Originally published on our blog The Dark Slide on May 2, 2007
Four days ago I wrote about some of my idols--Charlie Chaplin, Dmitri Shostakovich and David Halberstam. We all have a personal stable of historical figures who we identify with and look up to.
But today I received an email that reminded me that sometimes are heroes can live right down the block. It came from Jodi Rush, the mother of Heather Sigmon, one of my brides from October, 2005. Jodi was writing to tell me that our mutual friend Frank Johnston, one of the great news photographers of all time, was recently honored with the White House News Photographers Association's Lifetime Achievement Award at WHNPA annual dinner this past weekend. (Once upon a time, I would have been at that dinner, but weddings have replaced photojournalism dinners as my weekend activity. C'est la vie.)
Frank was a guest at Heather's wedding to Jose Vargas back in the fall of '05, and I've bumped into him occasionally since then, almost always at the Apple Store in Clarendon. To say that he's is one of the greats doesn't really come close to giving him the respect he deserves. Frank was in Vietnam, he covered Watergate, he was in Dallas the day Lee Harvey Oswald was shot, he photographed the Jonestown massacre in Guyana. The list goes on and on and on. Three times he was named White House News Photographer of the year.
But as I'm sure he knows all too well, you can't really talk about Frank Johnston without talking first about Peace Church.
Back in 1967, while shooting for United Press International--where I would begin my career 25 years later--Frank found himself trapped inside a tiny Catholic church in An Hoa, South Vietnam. It was known simply as Peace Church. Needless to say, peace was nowhere to be found that day.
Quite simply, I believe--and I'm not alone--that Frank's photograph of the haggard and scared Marine looking up from inside of Peace Church, the large wooden crucifix of Jesus looming behind him, is the most haunting photograph to come out of the whole war. 72 dpi on a blog can't do this photograph justice.

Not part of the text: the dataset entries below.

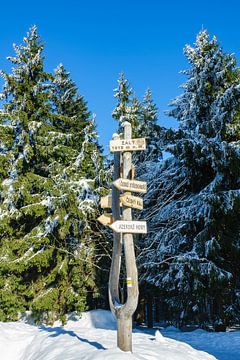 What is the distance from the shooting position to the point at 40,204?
1404cm

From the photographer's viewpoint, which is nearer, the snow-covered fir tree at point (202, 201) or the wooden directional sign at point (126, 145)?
the wooden directional sign at point (126, 145)

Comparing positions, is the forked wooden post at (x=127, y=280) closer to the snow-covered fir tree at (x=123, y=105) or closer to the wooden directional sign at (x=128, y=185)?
the wooden directional sign at (x=128, y=185)

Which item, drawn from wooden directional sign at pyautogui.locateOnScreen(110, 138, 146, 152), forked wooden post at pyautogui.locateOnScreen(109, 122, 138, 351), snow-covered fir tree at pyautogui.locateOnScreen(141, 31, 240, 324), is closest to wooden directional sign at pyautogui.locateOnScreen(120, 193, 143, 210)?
forked wooden post at pyautogui.locateOnScreen(109, 122, 138, 351)

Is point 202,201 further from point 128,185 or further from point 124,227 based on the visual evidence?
point 124,227

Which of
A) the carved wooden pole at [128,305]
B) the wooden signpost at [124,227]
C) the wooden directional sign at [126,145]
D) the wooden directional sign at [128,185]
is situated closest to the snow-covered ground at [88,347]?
the carved wooden pole at [128,305]

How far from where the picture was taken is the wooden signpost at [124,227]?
5836 mm

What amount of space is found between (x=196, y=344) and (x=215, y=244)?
371 centimetres

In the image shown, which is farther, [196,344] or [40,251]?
[40,251]

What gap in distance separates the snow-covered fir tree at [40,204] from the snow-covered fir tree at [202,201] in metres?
2.92

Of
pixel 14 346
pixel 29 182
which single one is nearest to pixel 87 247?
pixel 29 182

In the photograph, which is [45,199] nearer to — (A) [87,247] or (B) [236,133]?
(A) [87,247]

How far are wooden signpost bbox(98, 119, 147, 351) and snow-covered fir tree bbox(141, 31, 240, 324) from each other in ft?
24.1

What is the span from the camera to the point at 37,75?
16.2 m

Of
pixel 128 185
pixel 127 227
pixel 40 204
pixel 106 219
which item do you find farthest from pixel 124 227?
pixel 40 204
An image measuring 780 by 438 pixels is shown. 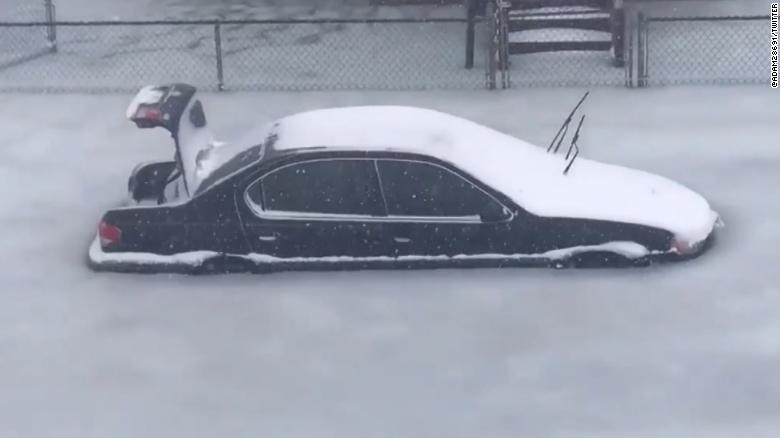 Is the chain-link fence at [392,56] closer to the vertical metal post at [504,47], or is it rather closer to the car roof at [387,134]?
the vertical metal post at [504,47]

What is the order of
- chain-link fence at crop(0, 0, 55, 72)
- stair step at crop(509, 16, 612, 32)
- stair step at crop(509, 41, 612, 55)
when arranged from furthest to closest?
chain-link fence at crop(0, 0, 55, 72), stair step at crop(509, 16, 612, 32), stair step at crop(509, 41, 612, 55)

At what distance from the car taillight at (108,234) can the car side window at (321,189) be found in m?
1.16

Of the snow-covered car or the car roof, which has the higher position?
the car roof

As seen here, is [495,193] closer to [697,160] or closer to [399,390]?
[399,390]

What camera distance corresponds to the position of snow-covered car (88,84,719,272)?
953 cm

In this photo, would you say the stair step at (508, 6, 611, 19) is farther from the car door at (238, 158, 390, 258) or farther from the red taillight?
the car door at (238, 158, 390, 258)

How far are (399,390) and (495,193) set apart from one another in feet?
7.26

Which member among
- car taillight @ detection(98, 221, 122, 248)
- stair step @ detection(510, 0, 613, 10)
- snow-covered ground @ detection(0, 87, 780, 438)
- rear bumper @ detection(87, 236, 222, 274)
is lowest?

Now, certainly there are other great photographs from Vietnam, most of which I don't even need to link to. They are fixed in our brains: Eddie Adams' Saigon execution, Nick Ut's tragic photo of a naked girl running down a street after being napalmed, and Catherine Leroy's image of a Marine realizing his buddy is dead are among the greatest news photographs ever captured. But Peace Church is different. For all the action of those three famous photographs, Peace Church is just so darned quiet.